Innovation: Project Go 50 Go
Czech Republic
AAI Domains:
Employment (extending working life after 50)
Independent, healthy and secure living (financial security)
Good quality paid work or employment is an important social element of health and a major contributor to active ageing. If work is stressful, insecure and hazardous then it has negative effects on health and well-being over the life course and therefore undermines the potential of people, groups and the whole population to age well. Unemployment frequently has negative effects on people’s standard of living and if it is over a long-term period it can reduce their sense of self-esteem and can increase the risk of poor health. Older people can find it particularly difficult to find another job when they are in their fifties and sixties due to age discrimination and this is an element, though far from the only part, of active ageing.
The Prague based employment agency, Fala, proposed the Project Go 50 Go and received support from the Ministry of Labour and Social Affairs for it to begin in 2014. Project Go 50 Go offers counselling and support for unemployed people in their fifties and sixties to help them overcome the barriers they face in securing their next job.
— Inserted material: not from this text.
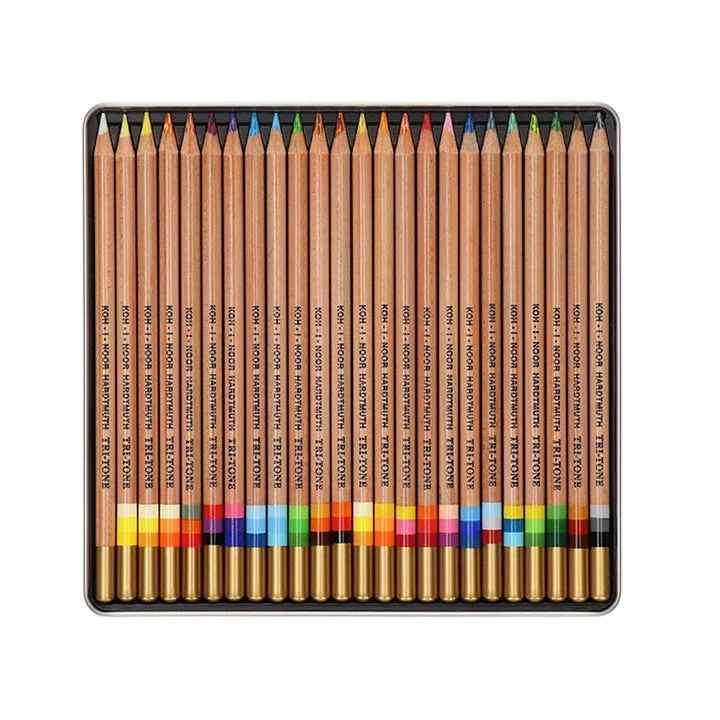 Višebojne olovke TRI-TONE KOH-I-NOOR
This includes the Academy Go 50 Go which provides courses on ICT, employability and interview techniques for which participants pay a modest fee.
The project also works with employers in an effort to change entrenched attitudes towards older workers so that the employment rate can increase in the future. The project included a conference at the end of 2014 and has also established the Go 50 Go Club that meets quarterly to provide peer support. The project also provides counselling on employment rights and human resource practices so that older people have the capacity to seek redress against discrimination. The project is mostly centred on Prague but operates in other regions as well, particularly for the Go 50 Go Club, albeit on a modest scale.
In relation to active ageing, the Go 50 Go project is part of the employment agenda of extending working life after the age of 50 years. It is also relevant to lifelong learning and financial security for older people who are heightened risk of poverty if they are not able to secure paid work.